++++ Exercise material

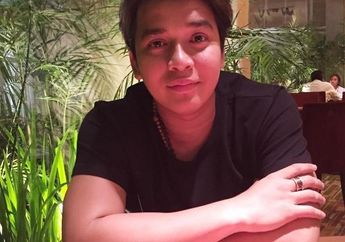 Billy Syahputra Foto Dengan Wanita Misterius, Pacar Baru?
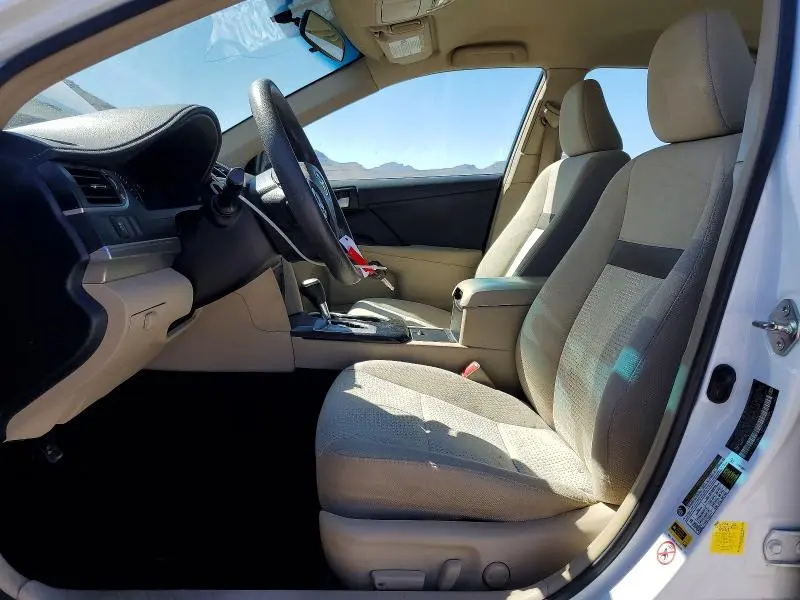 2014 TOYOTA CAMRY LE  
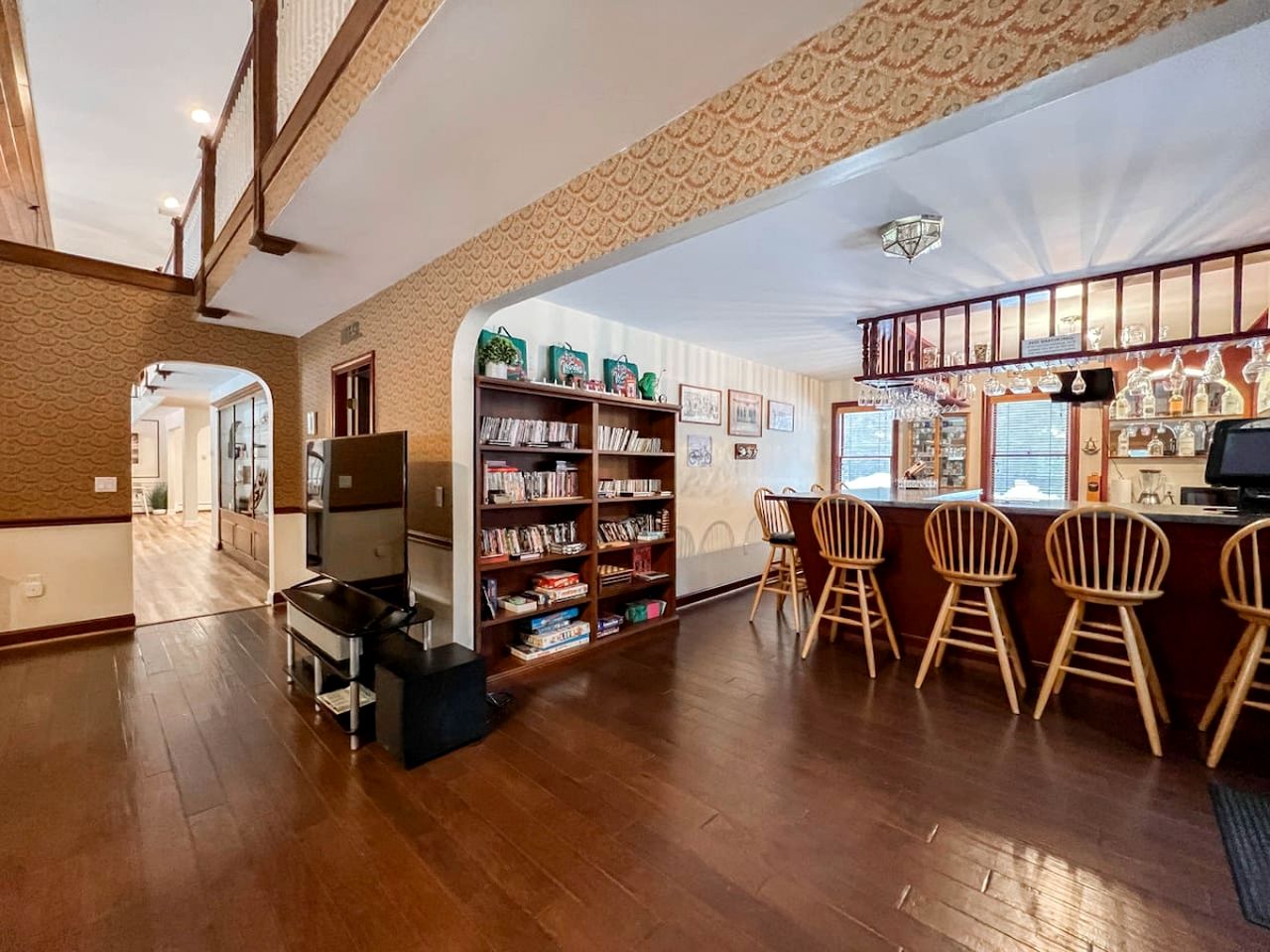 Spacious Riverfront Villa with Swimming Pool and Game Room in Bartlett, New Hampshire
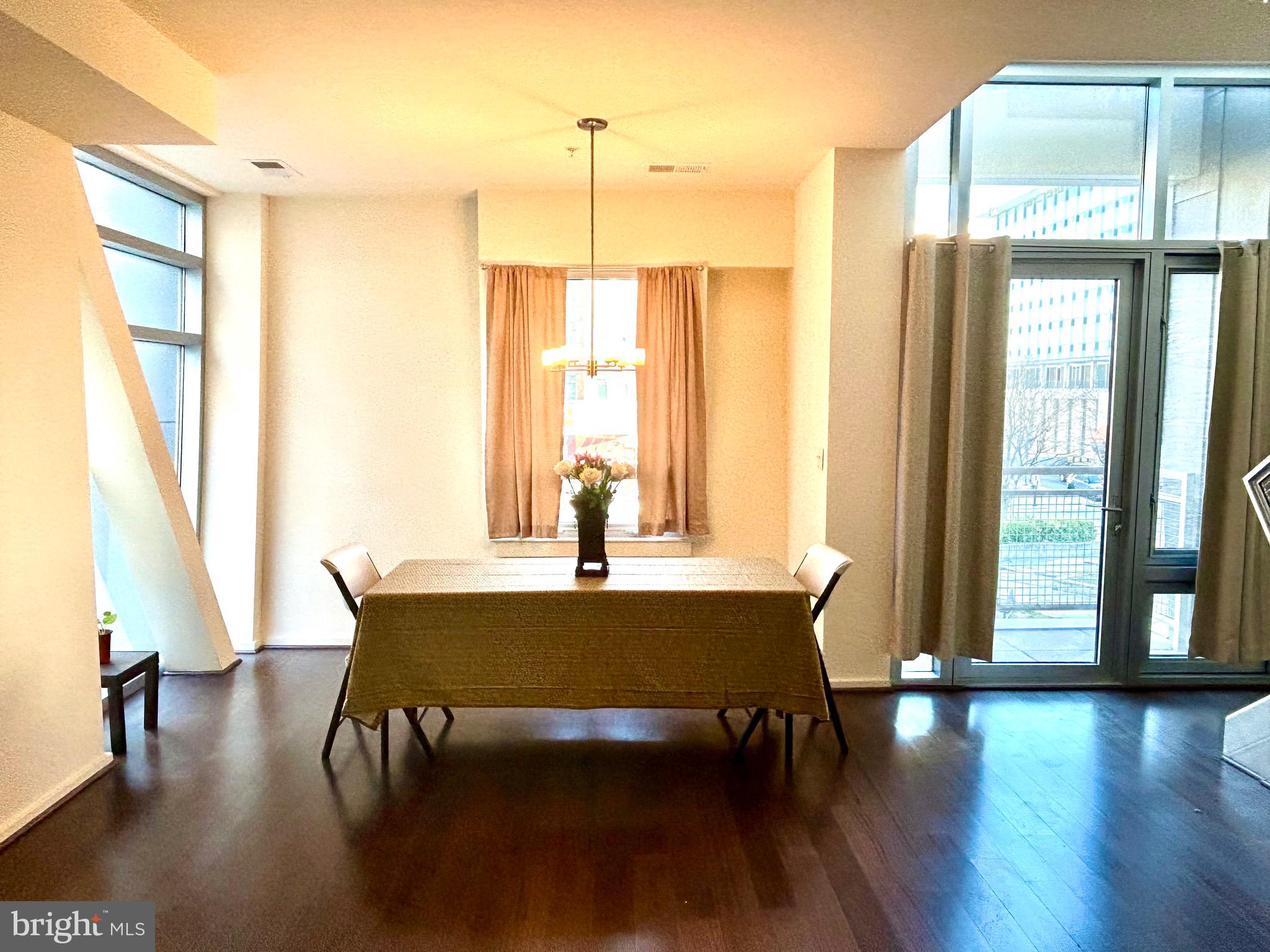 UNIVERSITY TOWN CENTER - Residential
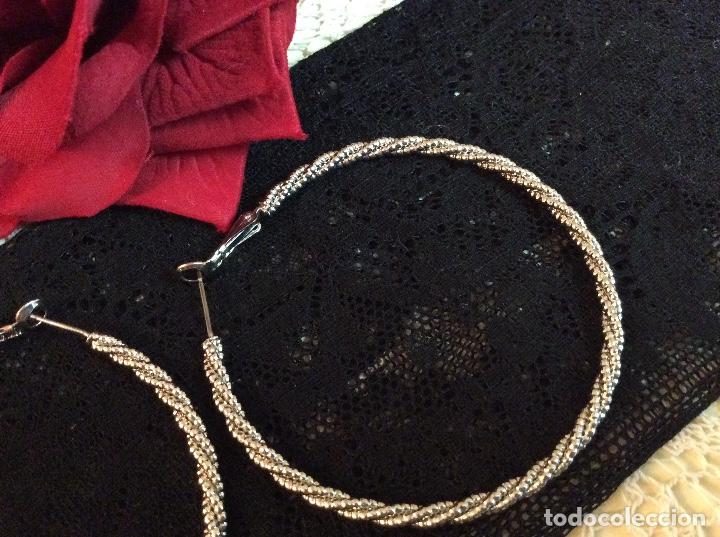 Joyeria: Grandes aros de metal plateado. - Foto 2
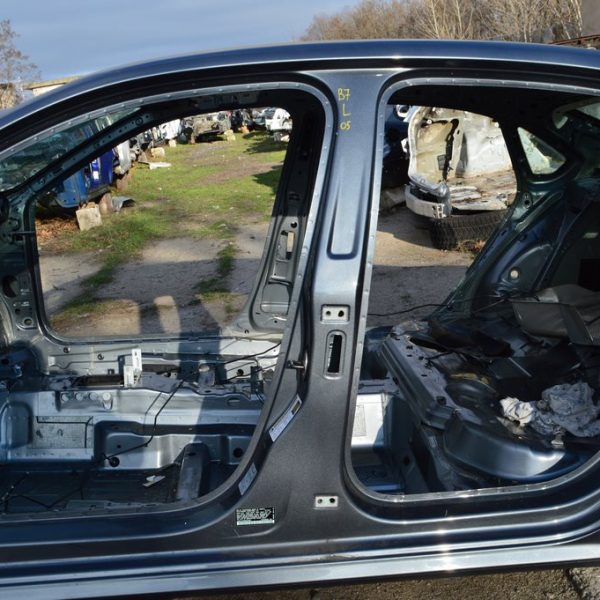 Стойка кузовная центральная левая VW Passat b7 USA (05) графит 561-809-835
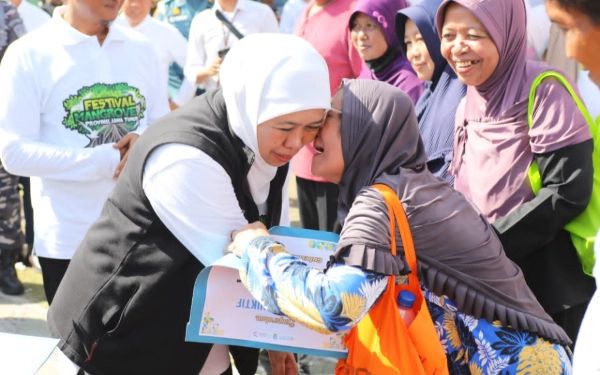 Thumbnail Hadiri HKSN 2025 di Pacitan, Gubernur Khofifah Ajak Perkuat Solidaritas Sosial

++++++++

• **What you need to do**
Repeat word for word the lines starting at the one with "Joyeria: Grandes aros" and ending at the final line of the records above, both included; no pictures.

• **Solution for this problem**
 Joyeria: Grandes aros de metal plateado. - Foto 2
 Стойка кузовная центральная левая VW Passat b7 USA (05) графит 561-809-835
 Thumbnail Hadiri HKSN 2025 di Pacitan, Gubernur Khofifah Ajak Perkuat Solidaritas Sosial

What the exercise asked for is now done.